• [Exercise description]: Reproduce word for word the lines between those holding "Foto 4 di 4" and "N22 apartments - 4", inclusive, and nothing else from the data below.

▬▬▬

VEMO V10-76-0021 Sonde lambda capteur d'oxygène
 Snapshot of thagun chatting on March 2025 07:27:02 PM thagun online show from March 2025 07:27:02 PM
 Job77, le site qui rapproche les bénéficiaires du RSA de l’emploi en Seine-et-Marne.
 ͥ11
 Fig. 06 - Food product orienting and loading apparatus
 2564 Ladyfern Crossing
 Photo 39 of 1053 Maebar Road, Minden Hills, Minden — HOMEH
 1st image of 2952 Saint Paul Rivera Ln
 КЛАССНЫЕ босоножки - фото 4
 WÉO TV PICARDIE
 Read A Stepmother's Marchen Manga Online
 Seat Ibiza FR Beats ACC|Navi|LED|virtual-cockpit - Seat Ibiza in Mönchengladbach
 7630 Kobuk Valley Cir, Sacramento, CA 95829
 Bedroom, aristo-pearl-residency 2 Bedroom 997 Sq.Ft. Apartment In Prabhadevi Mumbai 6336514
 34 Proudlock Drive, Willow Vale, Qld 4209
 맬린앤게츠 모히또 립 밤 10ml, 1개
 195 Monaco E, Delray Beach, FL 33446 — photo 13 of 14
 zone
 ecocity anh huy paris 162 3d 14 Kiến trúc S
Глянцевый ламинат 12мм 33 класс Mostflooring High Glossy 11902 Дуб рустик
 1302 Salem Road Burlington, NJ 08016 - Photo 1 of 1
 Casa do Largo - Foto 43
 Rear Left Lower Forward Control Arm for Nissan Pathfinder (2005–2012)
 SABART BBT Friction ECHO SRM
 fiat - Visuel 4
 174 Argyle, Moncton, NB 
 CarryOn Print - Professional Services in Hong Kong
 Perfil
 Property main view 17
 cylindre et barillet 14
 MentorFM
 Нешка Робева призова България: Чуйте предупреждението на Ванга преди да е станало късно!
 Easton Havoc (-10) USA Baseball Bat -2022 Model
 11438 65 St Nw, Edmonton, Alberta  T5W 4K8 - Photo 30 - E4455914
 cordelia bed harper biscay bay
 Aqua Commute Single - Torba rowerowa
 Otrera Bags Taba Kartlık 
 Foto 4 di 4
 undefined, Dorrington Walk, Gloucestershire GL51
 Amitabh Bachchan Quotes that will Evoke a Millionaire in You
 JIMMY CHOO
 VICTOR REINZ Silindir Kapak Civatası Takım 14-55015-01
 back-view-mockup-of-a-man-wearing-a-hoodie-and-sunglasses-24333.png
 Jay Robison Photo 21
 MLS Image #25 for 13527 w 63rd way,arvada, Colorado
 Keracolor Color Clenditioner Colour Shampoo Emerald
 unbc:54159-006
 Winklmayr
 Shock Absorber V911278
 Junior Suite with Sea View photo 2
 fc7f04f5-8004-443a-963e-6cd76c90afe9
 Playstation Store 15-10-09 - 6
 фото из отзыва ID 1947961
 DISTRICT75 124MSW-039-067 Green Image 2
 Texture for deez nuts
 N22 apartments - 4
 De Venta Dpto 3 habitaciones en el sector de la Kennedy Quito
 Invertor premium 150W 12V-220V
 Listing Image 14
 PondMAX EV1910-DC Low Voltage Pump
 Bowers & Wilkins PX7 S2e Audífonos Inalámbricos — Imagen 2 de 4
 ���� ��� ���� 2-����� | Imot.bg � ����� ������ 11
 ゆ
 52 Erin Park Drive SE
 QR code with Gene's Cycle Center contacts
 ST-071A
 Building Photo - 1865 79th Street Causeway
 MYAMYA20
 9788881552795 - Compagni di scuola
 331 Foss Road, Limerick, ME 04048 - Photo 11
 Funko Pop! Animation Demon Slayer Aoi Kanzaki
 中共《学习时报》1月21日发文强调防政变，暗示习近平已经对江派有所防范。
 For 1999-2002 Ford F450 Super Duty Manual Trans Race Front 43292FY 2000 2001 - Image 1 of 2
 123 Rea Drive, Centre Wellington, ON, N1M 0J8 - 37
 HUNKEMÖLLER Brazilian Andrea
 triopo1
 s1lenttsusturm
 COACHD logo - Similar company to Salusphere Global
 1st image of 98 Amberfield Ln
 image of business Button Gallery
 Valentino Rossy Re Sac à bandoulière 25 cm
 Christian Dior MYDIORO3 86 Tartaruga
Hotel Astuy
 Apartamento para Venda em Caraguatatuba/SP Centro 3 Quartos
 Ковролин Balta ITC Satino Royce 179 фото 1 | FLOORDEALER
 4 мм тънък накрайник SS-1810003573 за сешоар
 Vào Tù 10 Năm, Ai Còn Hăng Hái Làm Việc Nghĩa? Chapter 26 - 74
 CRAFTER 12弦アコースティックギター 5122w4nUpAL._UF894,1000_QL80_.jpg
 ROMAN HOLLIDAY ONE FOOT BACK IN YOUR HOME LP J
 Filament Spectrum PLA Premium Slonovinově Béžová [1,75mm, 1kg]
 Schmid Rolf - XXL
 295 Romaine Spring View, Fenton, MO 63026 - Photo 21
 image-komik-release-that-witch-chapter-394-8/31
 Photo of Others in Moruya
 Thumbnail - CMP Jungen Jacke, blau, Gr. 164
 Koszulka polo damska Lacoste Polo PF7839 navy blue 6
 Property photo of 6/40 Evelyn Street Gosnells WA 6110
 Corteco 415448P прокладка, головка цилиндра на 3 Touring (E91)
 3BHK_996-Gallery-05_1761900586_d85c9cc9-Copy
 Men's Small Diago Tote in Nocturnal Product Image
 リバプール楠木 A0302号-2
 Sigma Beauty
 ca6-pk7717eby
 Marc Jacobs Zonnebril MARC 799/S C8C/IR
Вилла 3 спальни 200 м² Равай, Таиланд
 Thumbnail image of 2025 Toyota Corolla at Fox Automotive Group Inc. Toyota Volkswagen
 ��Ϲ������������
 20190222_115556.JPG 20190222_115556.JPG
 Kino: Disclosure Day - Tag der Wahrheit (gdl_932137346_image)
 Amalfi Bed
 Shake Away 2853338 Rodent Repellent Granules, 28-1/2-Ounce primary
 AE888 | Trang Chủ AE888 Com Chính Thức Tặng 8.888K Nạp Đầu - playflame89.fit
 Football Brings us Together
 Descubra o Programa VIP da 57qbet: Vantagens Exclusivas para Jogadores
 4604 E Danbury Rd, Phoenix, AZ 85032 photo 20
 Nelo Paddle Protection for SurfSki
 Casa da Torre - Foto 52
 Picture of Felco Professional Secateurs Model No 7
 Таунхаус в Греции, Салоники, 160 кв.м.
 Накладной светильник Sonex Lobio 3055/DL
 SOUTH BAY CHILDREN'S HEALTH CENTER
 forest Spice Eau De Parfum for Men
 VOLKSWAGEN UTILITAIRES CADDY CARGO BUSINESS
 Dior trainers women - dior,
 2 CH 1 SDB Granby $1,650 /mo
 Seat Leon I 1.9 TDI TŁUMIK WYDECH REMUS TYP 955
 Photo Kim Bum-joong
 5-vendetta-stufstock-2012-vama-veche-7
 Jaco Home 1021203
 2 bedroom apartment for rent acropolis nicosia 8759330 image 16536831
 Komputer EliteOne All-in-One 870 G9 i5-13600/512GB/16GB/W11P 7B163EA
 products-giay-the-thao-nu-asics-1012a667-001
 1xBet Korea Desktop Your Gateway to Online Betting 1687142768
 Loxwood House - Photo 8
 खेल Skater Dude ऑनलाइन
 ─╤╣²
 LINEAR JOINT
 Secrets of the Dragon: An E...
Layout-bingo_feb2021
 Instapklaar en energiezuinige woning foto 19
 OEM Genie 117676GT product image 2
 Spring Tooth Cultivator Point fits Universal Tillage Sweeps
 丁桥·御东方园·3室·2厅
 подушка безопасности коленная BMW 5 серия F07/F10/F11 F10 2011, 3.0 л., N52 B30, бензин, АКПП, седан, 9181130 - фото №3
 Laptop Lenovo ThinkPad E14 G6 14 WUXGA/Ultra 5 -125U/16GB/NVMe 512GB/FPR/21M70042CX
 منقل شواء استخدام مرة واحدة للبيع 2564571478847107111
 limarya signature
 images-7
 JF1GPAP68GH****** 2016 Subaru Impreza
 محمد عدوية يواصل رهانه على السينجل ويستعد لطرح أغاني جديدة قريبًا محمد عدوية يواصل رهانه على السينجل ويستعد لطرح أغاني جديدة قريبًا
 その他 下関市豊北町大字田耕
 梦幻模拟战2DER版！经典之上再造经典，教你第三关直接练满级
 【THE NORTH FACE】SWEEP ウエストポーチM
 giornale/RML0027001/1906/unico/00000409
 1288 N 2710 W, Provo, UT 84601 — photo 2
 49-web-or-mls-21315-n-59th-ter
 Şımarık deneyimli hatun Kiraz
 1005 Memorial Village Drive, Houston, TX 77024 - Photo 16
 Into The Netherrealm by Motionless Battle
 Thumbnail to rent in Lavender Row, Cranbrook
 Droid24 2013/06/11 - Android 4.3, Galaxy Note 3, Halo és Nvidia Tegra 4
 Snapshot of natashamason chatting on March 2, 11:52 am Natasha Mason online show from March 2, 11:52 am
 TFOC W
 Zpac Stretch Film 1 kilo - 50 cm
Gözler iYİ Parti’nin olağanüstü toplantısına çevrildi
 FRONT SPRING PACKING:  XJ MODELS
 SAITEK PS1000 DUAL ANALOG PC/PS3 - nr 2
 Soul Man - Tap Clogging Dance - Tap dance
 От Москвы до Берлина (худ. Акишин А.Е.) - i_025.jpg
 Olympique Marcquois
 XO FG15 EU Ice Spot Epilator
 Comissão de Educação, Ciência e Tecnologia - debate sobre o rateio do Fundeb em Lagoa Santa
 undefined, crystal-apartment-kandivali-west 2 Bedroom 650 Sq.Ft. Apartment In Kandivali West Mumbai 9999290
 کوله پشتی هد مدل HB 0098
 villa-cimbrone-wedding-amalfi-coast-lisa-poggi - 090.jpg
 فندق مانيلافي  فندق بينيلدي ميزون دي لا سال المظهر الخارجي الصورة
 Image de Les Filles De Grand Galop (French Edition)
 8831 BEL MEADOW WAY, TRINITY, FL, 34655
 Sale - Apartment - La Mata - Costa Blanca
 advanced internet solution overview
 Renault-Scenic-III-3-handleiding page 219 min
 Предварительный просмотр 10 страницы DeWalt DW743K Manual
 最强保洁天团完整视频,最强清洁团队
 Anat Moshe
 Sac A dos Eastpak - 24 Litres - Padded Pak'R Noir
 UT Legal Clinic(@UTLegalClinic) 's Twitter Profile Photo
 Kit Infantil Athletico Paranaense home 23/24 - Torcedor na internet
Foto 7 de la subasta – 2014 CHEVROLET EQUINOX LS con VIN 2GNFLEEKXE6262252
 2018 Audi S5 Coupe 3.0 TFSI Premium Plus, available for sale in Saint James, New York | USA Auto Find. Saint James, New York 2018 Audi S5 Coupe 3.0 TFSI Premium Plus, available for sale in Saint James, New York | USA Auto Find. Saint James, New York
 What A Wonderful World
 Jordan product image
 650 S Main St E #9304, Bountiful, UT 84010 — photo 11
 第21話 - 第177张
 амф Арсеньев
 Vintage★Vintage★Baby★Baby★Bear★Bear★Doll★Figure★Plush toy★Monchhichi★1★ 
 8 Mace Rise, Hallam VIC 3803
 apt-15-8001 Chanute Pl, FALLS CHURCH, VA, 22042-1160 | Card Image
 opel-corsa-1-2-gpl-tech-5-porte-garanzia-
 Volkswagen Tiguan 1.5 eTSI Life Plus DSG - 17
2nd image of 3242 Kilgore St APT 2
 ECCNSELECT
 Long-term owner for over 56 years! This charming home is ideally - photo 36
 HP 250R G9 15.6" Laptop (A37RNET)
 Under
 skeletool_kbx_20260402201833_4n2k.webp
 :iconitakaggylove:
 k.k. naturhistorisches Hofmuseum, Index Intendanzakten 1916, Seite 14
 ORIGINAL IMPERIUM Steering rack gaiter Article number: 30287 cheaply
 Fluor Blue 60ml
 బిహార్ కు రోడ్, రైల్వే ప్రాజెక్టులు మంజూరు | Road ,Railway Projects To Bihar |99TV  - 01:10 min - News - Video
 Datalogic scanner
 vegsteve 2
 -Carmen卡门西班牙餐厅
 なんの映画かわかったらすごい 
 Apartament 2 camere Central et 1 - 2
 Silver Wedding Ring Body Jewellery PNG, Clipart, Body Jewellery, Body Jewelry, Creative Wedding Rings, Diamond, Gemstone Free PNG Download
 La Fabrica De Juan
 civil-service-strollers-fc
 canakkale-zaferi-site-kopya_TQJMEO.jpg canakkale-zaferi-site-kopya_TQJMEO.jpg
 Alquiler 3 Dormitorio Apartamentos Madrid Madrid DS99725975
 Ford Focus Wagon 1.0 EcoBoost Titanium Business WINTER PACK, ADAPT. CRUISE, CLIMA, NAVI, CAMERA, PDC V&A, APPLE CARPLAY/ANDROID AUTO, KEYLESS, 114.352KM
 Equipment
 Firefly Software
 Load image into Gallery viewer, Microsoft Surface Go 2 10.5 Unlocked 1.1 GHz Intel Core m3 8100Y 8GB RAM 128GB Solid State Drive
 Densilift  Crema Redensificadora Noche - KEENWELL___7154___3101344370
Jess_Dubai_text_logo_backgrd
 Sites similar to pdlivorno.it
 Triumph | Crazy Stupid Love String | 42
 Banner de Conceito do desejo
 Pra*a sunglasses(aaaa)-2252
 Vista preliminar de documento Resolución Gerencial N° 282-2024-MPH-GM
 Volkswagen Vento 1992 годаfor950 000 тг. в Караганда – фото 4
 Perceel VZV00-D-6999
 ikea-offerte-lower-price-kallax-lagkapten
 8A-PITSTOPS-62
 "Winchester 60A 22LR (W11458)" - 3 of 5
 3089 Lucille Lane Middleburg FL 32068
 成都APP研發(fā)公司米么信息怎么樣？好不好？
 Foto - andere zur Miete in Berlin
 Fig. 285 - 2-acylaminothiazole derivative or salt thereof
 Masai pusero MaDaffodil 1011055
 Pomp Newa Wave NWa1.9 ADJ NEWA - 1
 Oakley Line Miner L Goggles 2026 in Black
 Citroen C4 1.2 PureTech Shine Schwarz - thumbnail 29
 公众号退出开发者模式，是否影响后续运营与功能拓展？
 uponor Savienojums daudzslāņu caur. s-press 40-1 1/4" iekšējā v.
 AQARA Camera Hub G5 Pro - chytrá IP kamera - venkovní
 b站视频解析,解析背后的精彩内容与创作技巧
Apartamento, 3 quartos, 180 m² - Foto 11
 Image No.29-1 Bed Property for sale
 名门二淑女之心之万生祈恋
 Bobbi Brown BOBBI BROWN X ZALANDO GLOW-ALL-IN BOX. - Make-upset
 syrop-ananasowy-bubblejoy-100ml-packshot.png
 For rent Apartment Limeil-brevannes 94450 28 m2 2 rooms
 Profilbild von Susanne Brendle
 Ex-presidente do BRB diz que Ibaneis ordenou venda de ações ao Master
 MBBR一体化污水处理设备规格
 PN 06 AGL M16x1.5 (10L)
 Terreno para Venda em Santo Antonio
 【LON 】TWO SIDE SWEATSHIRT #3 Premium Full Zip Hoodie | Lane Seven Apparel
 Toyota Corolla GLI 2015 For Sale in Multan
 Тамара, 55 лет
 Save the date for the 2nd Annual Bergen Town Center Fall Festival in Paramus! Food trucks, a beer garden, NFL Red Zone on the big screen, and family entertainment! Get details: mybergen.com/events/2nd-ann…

▬▬▬

• [Response]:
 Foto 4 di 4
 undefined, Dorrington Walk, Gloucestershire GL51
 Amitabh Bachchan Quotes that will Evoke a Millionaire in You
 JIMMY CHOO
 VICTOR REINZ Silindir Kapak Civatası Takım 14-55015-01
 back-view-mockup-of-a-man-wearing-a-hoodie-and-sunglasses-24333.png
 Jay Robison Photo 21
 MLS Image #25 for 13527 w 63rd way,arvada, Colorado
 Keracolor Color Clenditioner Colour Shampoo Emerald
 unbc:54159-006
 Winklmayr
 Shock Absorber V911278
 Junior Suite with Sea View photo 2
 fc7f04f5-8004-443a-963e-6cd76c90afe9
 Playstation Store 15-10-09 - 6
 фото из отзыва ID 1947961
 DISTRICT75 124MSW-039-067 Green Image 2
 Texture for deez nuts
 N22 apartments - 4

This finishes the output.